Il primo, falsario e impostore, traduce dall’arabo una biografia di Maometto spacciandola per una storia della Sicilia al tempo dell’occupazione islamica (il Consiglio di Sicilia). Si inventa poi un’altra opera, quella che da il nome al libro (il Consiglio d’Egitto), fino all’inevitabile scoperta dell’inganno.
Il secondo, fervente repubblicano, giacobino e indipendentista, viene arrestato per le sue idee e per un tentativo di congiura ai danni del Regno.

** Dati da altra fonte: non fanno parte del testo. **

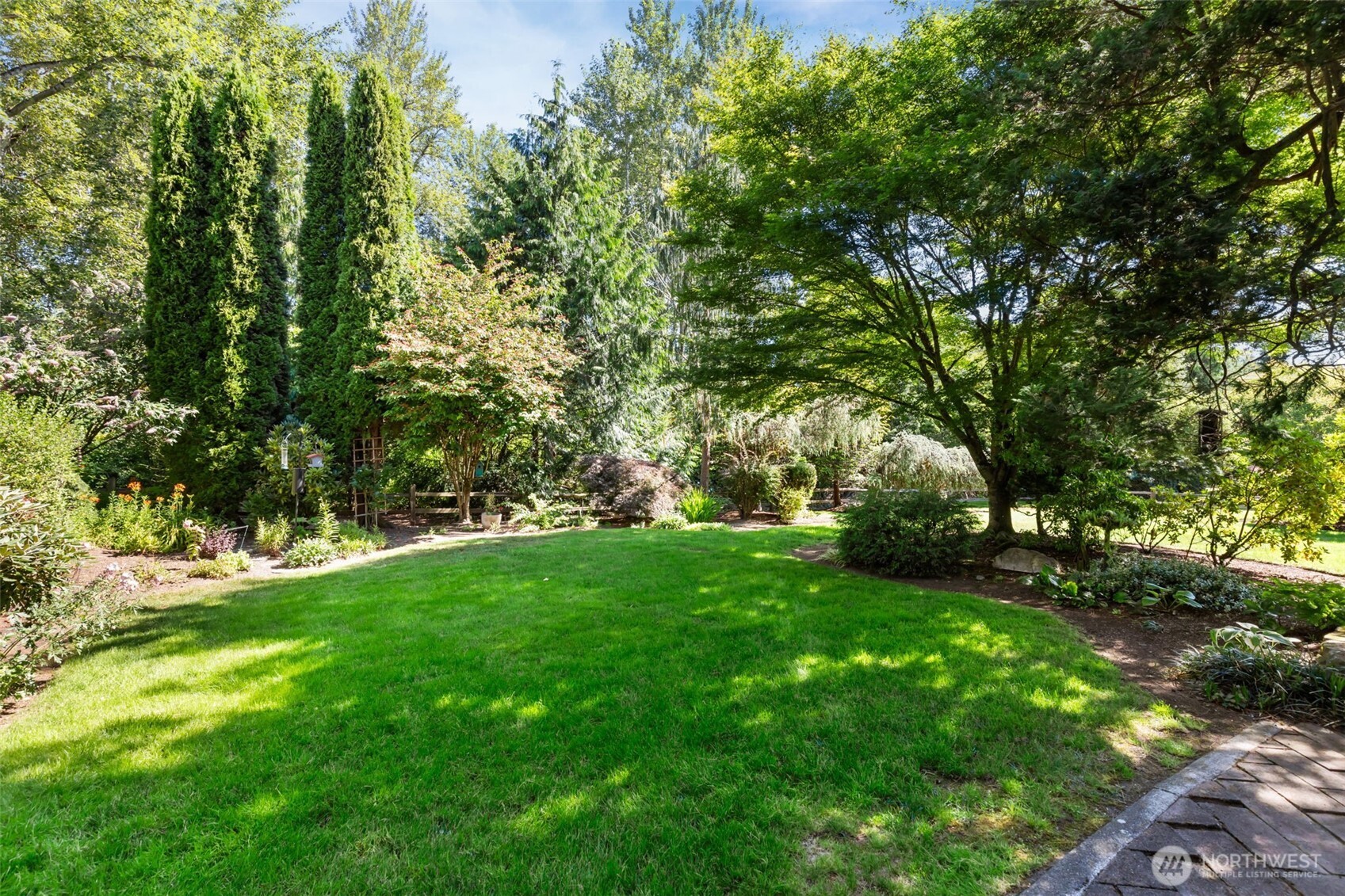 13804 SE 255th Place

Le vicende dei due protagonisti si incrociano in vari punti, in particolare in un dialogo, tra i più belli del libro, in cui si collega l’attività dell’abate Vella alla situazione socio-politica dell’isola, in una sorta di morale di fondo:
«In effetti» disse l’avvocato Di Blasi «ogni società genera il tipo d’impostura che, per così dire, le si addice. E la nostra società, che è di per sé impostura, impostura giuridica, letteraria, umana... Umana, sì: addirittura dell’esistenza, direi... La nostra società non ha fatto che produrre, naturalmente, ovviamente, l’impostura contraria...».
«Voi spremete filosofia da un volgarissimo crimine» disse don Saverio Zarbo.
«Eh no, questo non è un volgarissimo crimine. Questo è uno di quei fatti che servono a definire una società, un momento storico. In realtà, se in Sicilia la cultura non fosse, più o meno coscientemente, impostura; se non fosse strumento in mano del potere baronale, e quindi finzione, continua finzione e falsificazione della realtà, della storia... Ebbene, io vi dico che l’avventura dell’abate Vella sarebbe stata impossibile... Dico di più: l’abate Vella non ha commesso un crimine, ha soltanto messo su la parodia di un crimine, rovesciandone i termini... Di un crimine che in Sicilia si consuma da secoli...».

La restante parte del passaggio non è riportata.